Pemboikotan memiliki dampak buruk terhadap perusahaan, yang dapat memaksa pengusaha untuk melakukan pengurangan tenaga kerja atau pemutusan hubungan kerja (PHK) karena menurunnya permintaan. Beberapa pengusaha mengharapkan pemerintah mencari solusi agar perusahaan yang terafiliasi dengan Israel (Pro-Israel) dapat pulih. Beberapa perusahaan terkenal seperti kedai kopi Starbucks, restoran cepat saji McDonald’s, dan Unilever, masuk dalam daftar boikot yang tersebar di media sosial, termasuk di Indonesia.
Sebagai contoh, kita dapat melihat data saham PT Unilever Indonesia (Unilever) dan PT MAP Boga Adiperkasa Tbk (Starbucks): Menurut data RTI Business, saham Unilever mengalami penurunan sebesar 1,13% menjadi Rp. 3.490 pada tanggal 14 November 2023. Hari ini, terjadi kenaikan sebesar 0,25% menjadi Rp. 3.779 pada tanggal 2 Desember 2023. Sementara itu, saham Starbucks mengalami penurunan sebesar 2,76% menjadi Rp. 1.935 pada tanggal 14 November 2023. Hari ini, terjadi kenaikan sebesar 1,57% menjadi Rp. 1.945 pada tanggal 2 Desember 2023.

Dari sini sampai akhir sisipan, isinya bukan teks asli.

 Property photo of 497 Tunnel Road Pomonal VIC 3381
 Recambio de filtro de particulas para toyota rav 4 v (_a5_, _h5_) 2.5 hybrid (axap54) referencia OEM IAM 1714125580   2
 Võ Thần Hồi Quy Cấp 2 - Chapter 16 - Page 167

Dari data tersebut, dapat disimpulkan bahwa perubahan harga saham dipengaruhi oleh dinamika penawaran dan permintaan (Teori Ekonomi). Meskipun beberapa perusahaan terkena dampak pemboikotan, mereka masih mampu pulih karena konsumen masih bergantung pada produk-produk tersebut.

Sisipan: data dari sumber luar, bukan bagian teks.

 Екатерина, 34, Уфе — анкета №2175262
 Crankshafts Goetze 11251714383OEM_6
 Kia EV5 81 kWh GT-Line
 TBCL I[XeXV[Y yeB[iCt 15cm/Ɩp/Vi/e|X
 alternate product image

Kesimpulannya, pemboikotan terhadap perusahaan tidak menjamin bahwa perusahaan tersebut akan mengalami penurunan secara sementara atau penurunan yang mutlak. Hal ini sangat bergantung pada keputusan konsumen dan fokus perusahaan terhadap kebutuhan konsumen saat ini. Perusahaan akan terus merespons keluhan konsumen, memperbaiki kelemahan mereka, dan berupaya menarik kembali konsumen secara bertahap.